> _DATA EXTRACT_:

=== Begin Enclosure ===

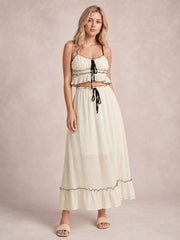 A model stands in a cream cami and flowing midi skirt set with black contrast trim, smocked details, tied accents, delicate straps, and ruffled hems.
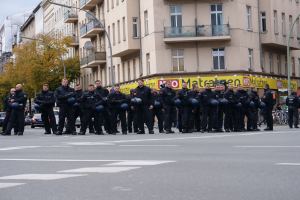 Eine Gruppe von Polizisten in schwarzen Uniformen mit blauen Helmen, die auf einer Straße mit Laternen, Bäumen und glasverkleideten Gebäuden unter einem klaren blauen Himmel stehen.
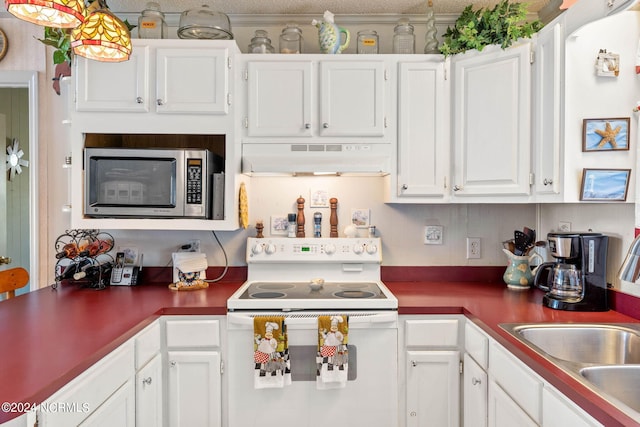 kitchen featuring custom exhaust hood, electric range, and white cabinets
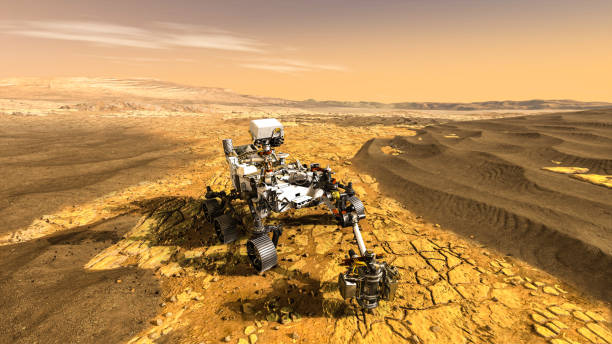 istock Unmanned rover vehicle on Mars exploration mission runs through planet ground . 1296532066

=== End Enclosure ===

> _PROBLEM REQUIREMENTS_: Reproduce the lines above, exactly and exclusively, from the line containing "kitchen featuring custom" down to the last line, both included; pictures are not part of the copy.

> _ANSWER FOR THE TASK_:
 kitchen featuring custom exhaust hood, electric range, and white cabinets
 istock Unmanned rover vehicle on Mars exploration mission runs through planet ground . 1296532066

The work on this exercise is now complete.